During this momentous trip, I fell in love with Japan. The people: hard working, polite, generous and punctual. The culture: vivid, bright. So clean. Like the entire country is continually going through a car wash. I fell in love with how safe I felt even on the darkest streets, alone at night with no one in sight for miles. I fell in love with its precision and order. Its unabashed yet humble understanding that things are pretty awesome. I fell in love with the vending machines that readily dispense hot coffee in a can for a few yen. I fell in love with Japan as an adult, trying to form a relationship with my family. As an adult trying to learn more about my own identity. And as a daughter trying so hard to understand her distant father. I fell in love with Japan as a foreigner wandering around a strange new but still somehow familiar place. I fell in love with Japan having no idea that the next time I would return would be a year later, to lay his ashes to rest.
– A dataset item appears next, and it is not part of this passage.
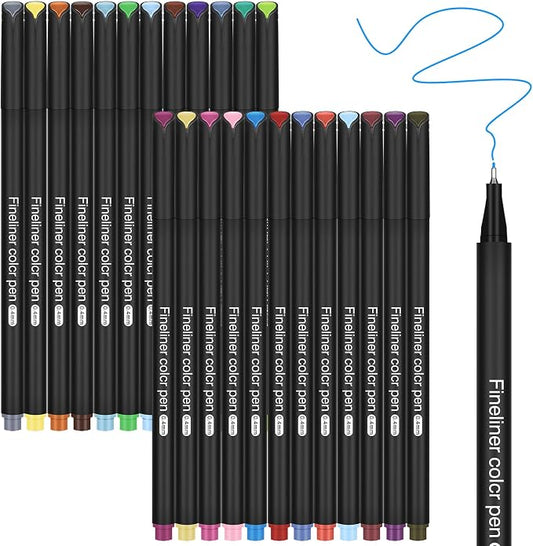 huesamhi 24 Fineliner Pens Set 0.4mm Ultra Fine Tip Drawing Markers by Unknown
Just as this place was foreign and yet familiar, I would soon find out that so was grief. I had known grief before, or so I thought. I thought I knew. I thought that because I had had my heart broken, I knew what grief was. I thought I knew so much. I thought that after months of watching him slip away in front of us, a little bit every day until he was barely recognizable as himself, that I was ready. I found out that I wasn’t ready. I found out that I was stupid for thinking I knew what grief was. I found out that comparing my broken heart from my failed relationship didn’t compare to this form of grief even in the slightest. I found that I felt guilty for ever thinking it would. I found out first hand that watching someone die in front of you, not figuratively but quite literally, is actually very traumatic. It could be anyone, it could be someone you don’t even know and it can stay with you forever. Factor in it being someone you know, and factor in it being your parent, and I can tell you one thing I know to be true. One thing that I wish I didn’t know to be true: you will think about it everyday. There is nothing romantic or beautiful about watching someone take their last final breath. It is haunting and terrible and absolutely mind boggling in every single sense. There will be days you will get solidly to 8 o’clock at night having not thought about it and just as you go to begin your evening routine the image will rear its ugly head. There you are again. There it is again. And nothing prepares you for it. All the self help books in the world cannot prepare you to be in the room with the body of your dead father. They do not tell you.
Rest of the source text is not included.